9. The antenna mount of claim 8, wherein the first elevation alignment fastener, the second elevation alignment fastener and the elevation pivot fastener are provided in a triangular configuration with respect to one another.

10. An antenna mount, comprising:

an elevation groove on a base, the elevation groove provided with a groove bottom open to a bracket side of the base;

an adjuster with a groove face dimensioned to seat within the elevation groove;

an extension fastener co-axial with the elevation groove threadably coupled with the adjuster wherein rotation of the extension fastener drives the adjuster longitudinally along the elevation groove;

the base provided with a first elevation slot and an elevation pivot hole;

the first elevation slot provided as an arc segment with a center point at the elevation pivot hole;

a first elevation alignment fastener passes through an adjuster slot of the adjuster and the first elevation slot and couples with the mount;

an elevation pivot fastener passes through the elevation pivot hole and couples with the mount;

whereby longitudinal displacement of the adjuster along the elevation groove moves the elevation alignment fastener along the first elevation slot, rotating the mount with respect to the elevation pivot fastener.
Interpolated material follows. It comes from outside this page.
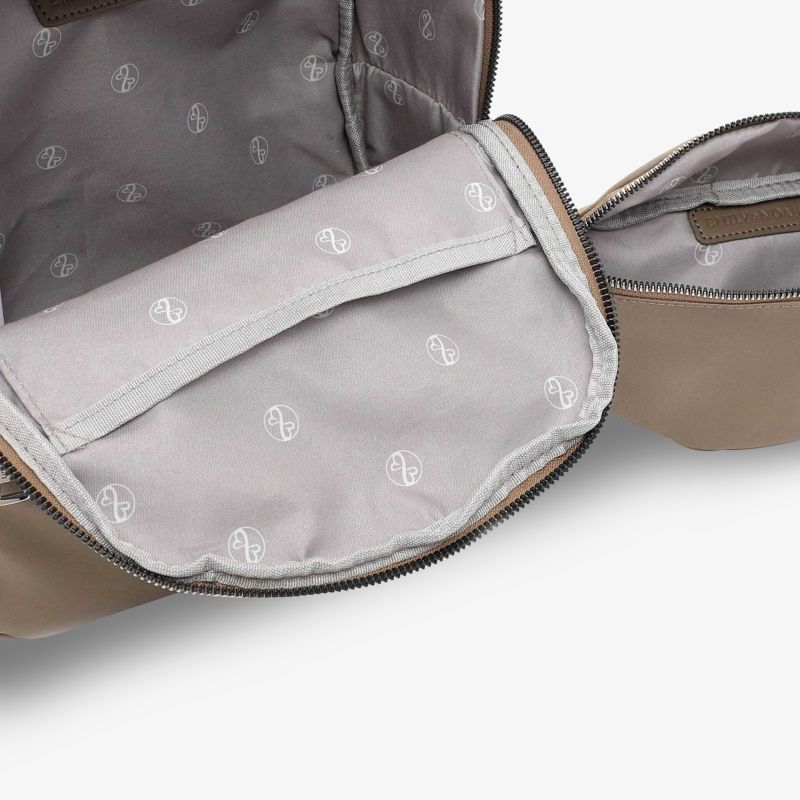 Detailaufnahme einer eleganten Tasche mit geräumiger Reißverschlusstasche für einfache Organisation.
11. The antenna mount of claim 10, further including a second elevation slot in the base; the second elevation slot provided as an arc segment with a center point at the elevation pivot hole; a second elevation alignment fastener passes through the second elevation slot and couples with the mount.

12. The antenna mount of claim 10, wherein the first elevation alignment fastener, the second elevation alignment fastener and the elevation pivot fastener are provided in a triangular configuration with respect to one another.

13. The antenna mount of claim 10, further including:

a bracket with an azimuth slot, an azimuth pivot hole and a boss hole;

a boss seated in the boss hole;

an azimuth adjuster with an extension portion passing through the boss and an offset portion, the offset portion provided with an azimuth fastener aperture spaced apart from a longitudinal axis of the extension portion;

an azimuth fastener passing through the base, the azimuth slot and the azimuth fastener aperture;

a pivot fastener passing through the base and the azimuth pivot hole;

the azimuth slot provided as an arc segment with a center point at the azimuth pivot hole;

whereby adjustment of a longitudinal position along the extension portion of an interconnection between the boss and the extension portion drives the azimuth fastener within the azimuth slot to pivot the base with respect to the bracket.

14. The antenna mount of claim 13, wherein the azimuth slot is proximate a mid-point of the bracket.

15. The antenna mount of claim 13, wherein the extension portion is a threaded fastener coupled to the offset portion via a bolt head slot of the offset portion dimensioned for an interference with a bolt head of the threaded fastener.

16. The antenna mount of claim 13, wherein the extension portion is a threaded fastener and the offset portion is a metal clip coupled to a bolt head of the threaded fastener by bending of the metal clip around the bolt head.

17. The antenna mount of claim 13, wherein the azimuth adjuster is an eye bolt with an eye portion and a threaded portion, the threaded portion provided with a bend; the bend dividing the eyebolt into the extension portion and the offset portion.

18. The antenna mount of claim 13, further including a reinforcing bracket; the reinforcing bracket provided below the bracket, coupled to the bracket by the azimuth fastener and the azimuth pivot fastener.